Where to fetch the pipeline configuration for the main pipeline

path.config: "/etc/logstash/conf.d/*.conf"

Yes replace your current conf with what I provided.

Careful when you start to use multiple pipelines come back and ask some questions they may not work the way you expect at first.

@stephenb

Made said changes and confirmed that I am receiving traffic via Discover.

I'm still not seeing anything in my maps. But before I say "it's not working", I do need to put packetbeat onto one of my external proxy servers.

I did one other thing and that was to pipe my Palo Alto traffic to a syslog server and using Filebeat and the panw module to move traffic to Logstash. I wanted to make sure I was getting external IP traffic.

The configuration you supplied is certainly omni directional, if I can use that term. So I would expect my Filebeat traffic with IP detail to produce results.

Not seeing anything in maps and I know that I am passing in traffic from the FW.

When in Discover I am selecting the tags field in both Filebeat and Packetbeat. When a private IP is passed I see this tag

beats_input_codec_plain_applied, _grokparsefailure, _geoip_lookup_failure

When I have a public IP passed the tag looks like this

beats_input_codec_plain_applied

I also added this filter to my first-pipeline.conf file along with your detail

filter
{
grok { match => ['message', '%{IP:ip}' ] }
geoip
{
source => "ip"
}
}

This does populate the GEO-ip fields in the raw log that you see in Discovery for beats traffic sourced from filebeat. I have not seen anything in packetbeat yet.
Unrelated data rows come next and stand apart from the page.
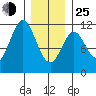 South Pass, Sukkwan Strait tide chart for Tuesday, January 25, 2022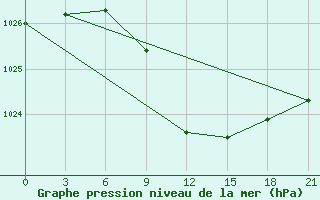 Courbe de la pression atmosphrique pour Krasnoslobodsk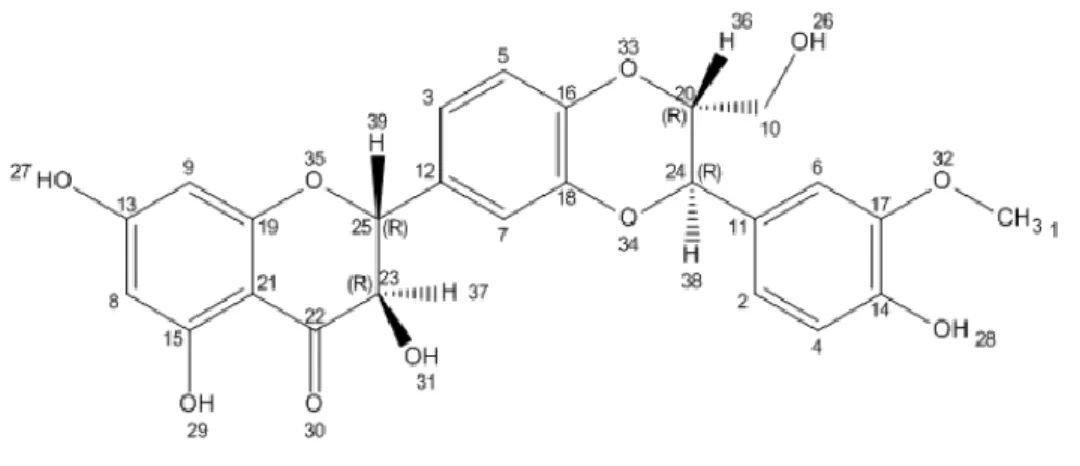 Figura 3: Estrutura molecular da silibinina 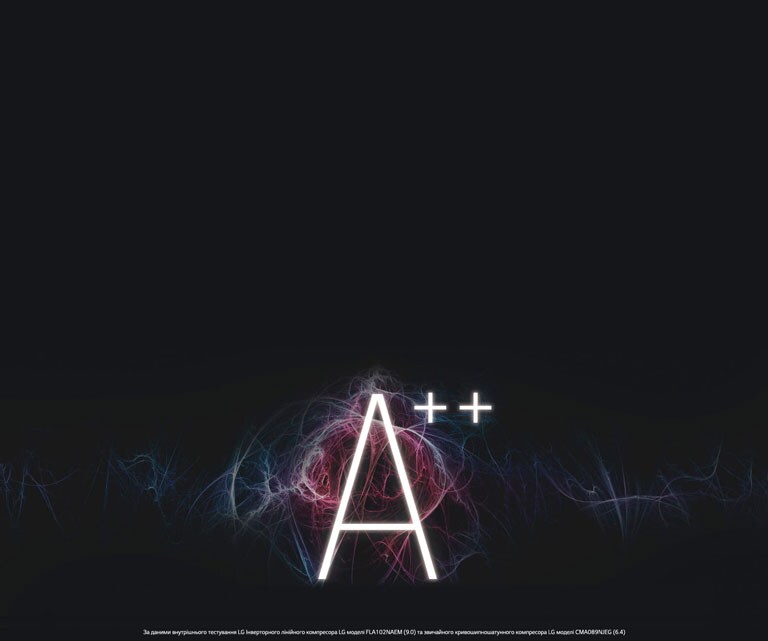 Клас енергоефективності А ++2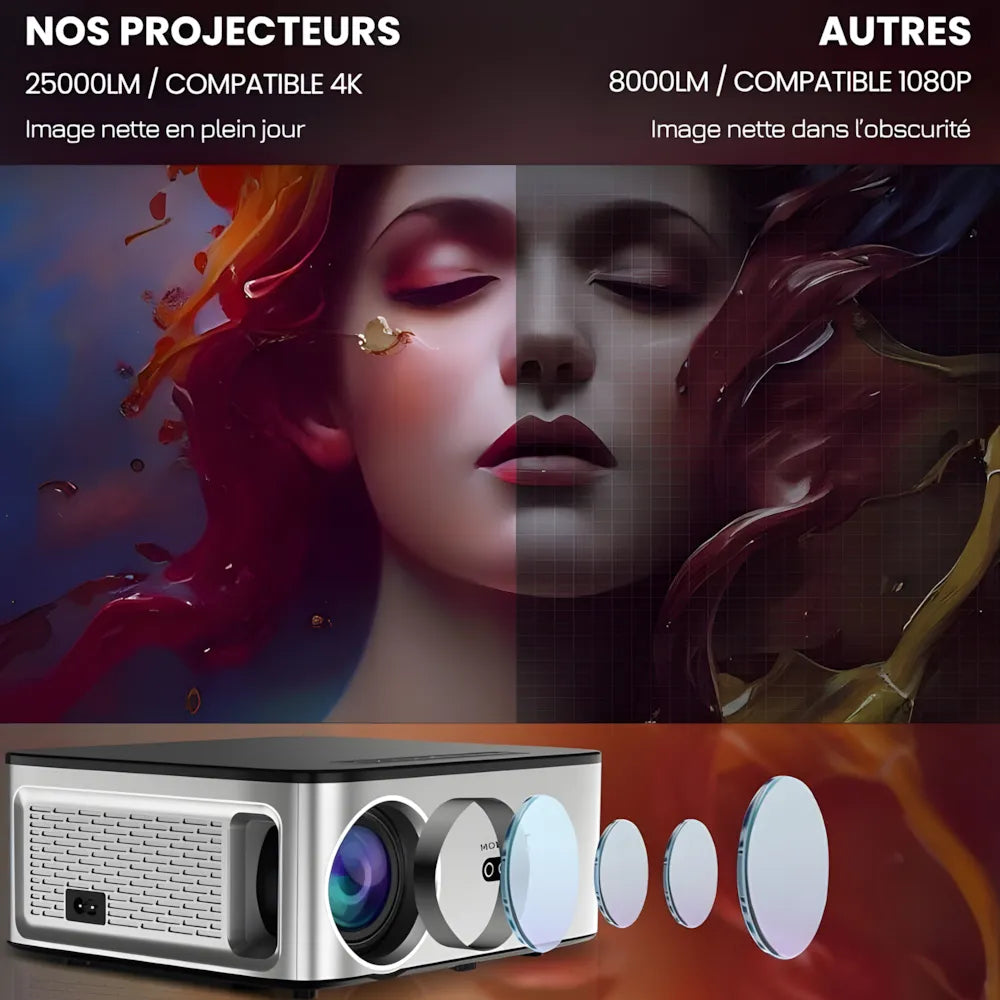 Projecteur Intelligent Full HD – 1100 ANSI Lumens, Android 9.0, Auto Focus, Wi-Fi 5G, Bluetooth 5.1
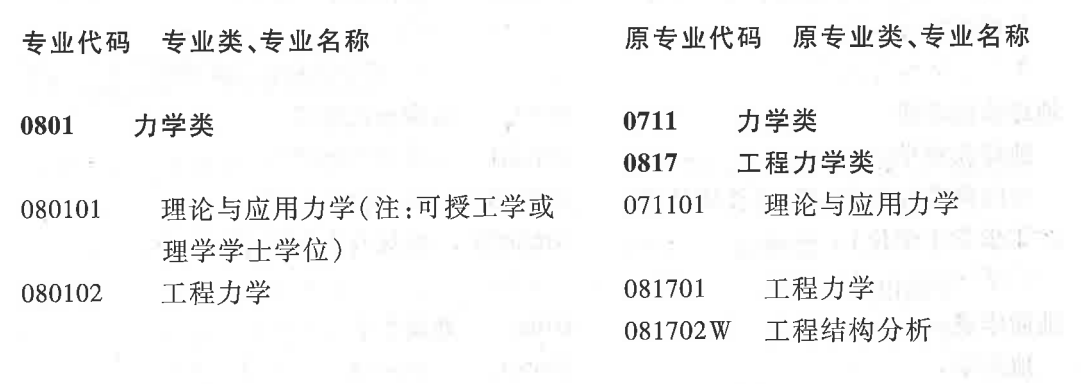 力学类专业：不属于物理学类，而是一个典型的传统工学专业类别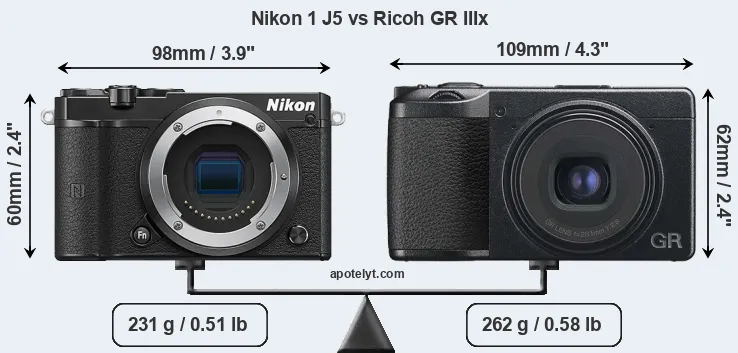 Size Nikon 1 J5 vs Ricoh GR IIIx
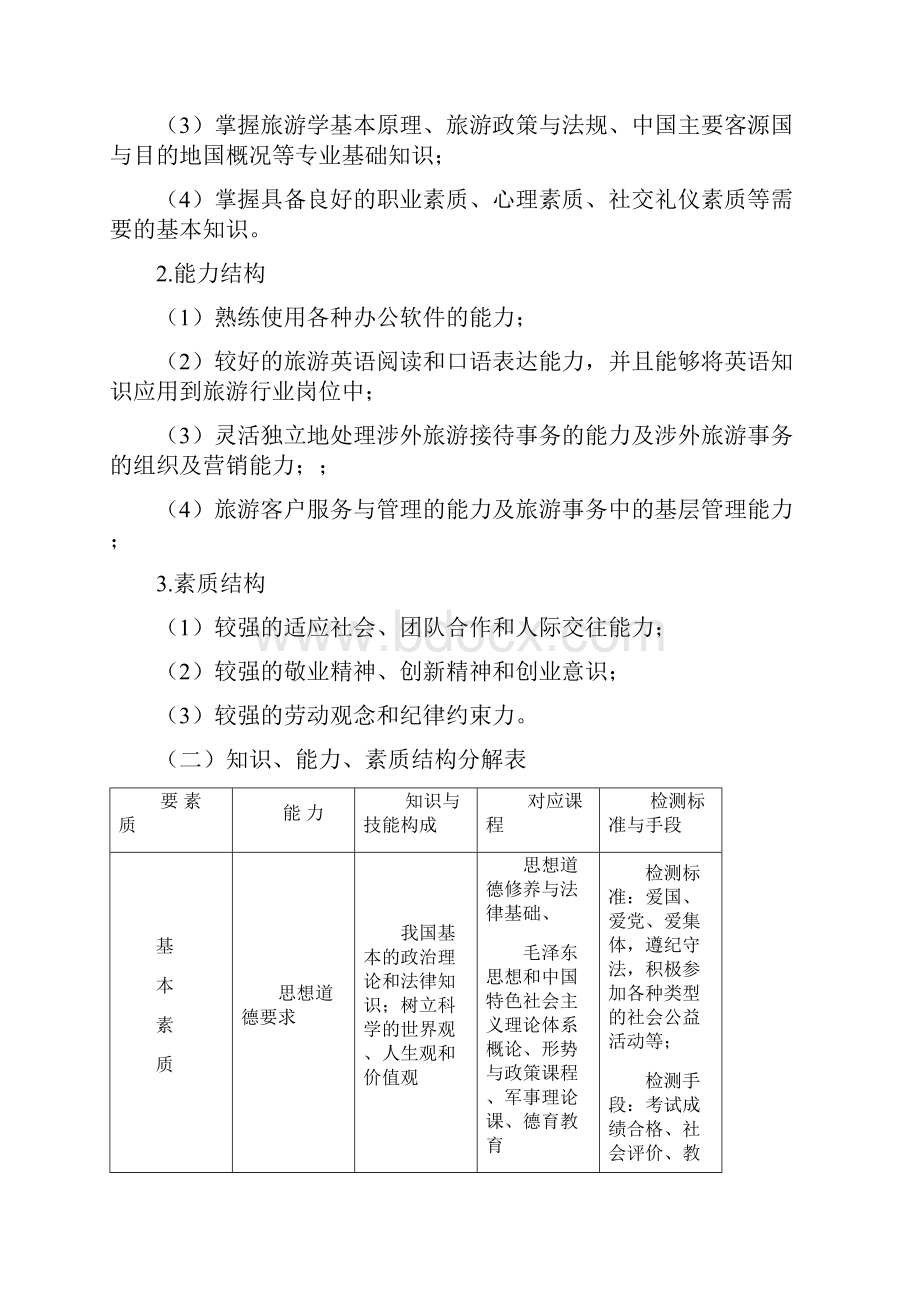 级旅游英语专业人才培养方案.docx_第3页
But I'm still testing stuff with regards to packetbeat.

Yup your right... darned packetbeat.

I left a step out, You are right you need to load the the geoip-info pipeline yourself (other beats have this built in not sure why packetbeat does not, I would alot with ngnix , apache etc and the geoip pipeline is built into the module.) The geoip-infopipeline calls the GEOIP processors.

So Follow the instructions here

So PUT the ingest pipeline as shown in the Kibana -> Dev Tools, that will install it in elasticsearch

PUT _ingest/pipeline/geoip-info
{
  "description": "Add geoip info",
  "processors": [
    {
      "geoip": {
        "field": "client.ip",
        "target_field": "client.geo",
        "ignore_missing": true
      }
    },
    {
      "geoip": {
        "field": "source.ip",
        "target_field": "source.geo",
        "ignore_missing": true
      }
    },
    {
      "geoip": {
        "field": "destination.ip",
        "target_field": "destination.geo",
        "ignore_missing": true
      }
    },
    {
      "geoip": {
        "field": "server.ip",
        "target_field": "server.geo",
        "ignore_missing": true
      }
    },
    {
      "geoip": {
        "field": "host.ip",
        "target_field": "host.geo",
        "ignore_missing": true
      }
    }
  ]
}

Then add the pipeline to the packetbeat.yml output.logstash section

output.logstash:
  # The Logstash hosts
  hosts: ["localhost:5044"]
  pipeline : geoip-info

Then the logstash conf I gave you should pass through the ingest pipeline geoip-info to elasticsearch and you should be in geoip business

With respect to the PA Firewall you will need to do something similar.

I ran for a while with

packetbeat -> logstash -> elasticsearch in elastic cloud

and the data is showing up in the SIEM App

I did notice the map on the Packetbeat dashboard is looking at the map in detail it is looking for client.geo.location

Data source Clusters and grids

Index pattern packetbeat-*

Geospatial field client.geo.location

client.ip which my packetbeat on my mac does not fill but I just when to the map and added destination.geo.location the showed up on the map.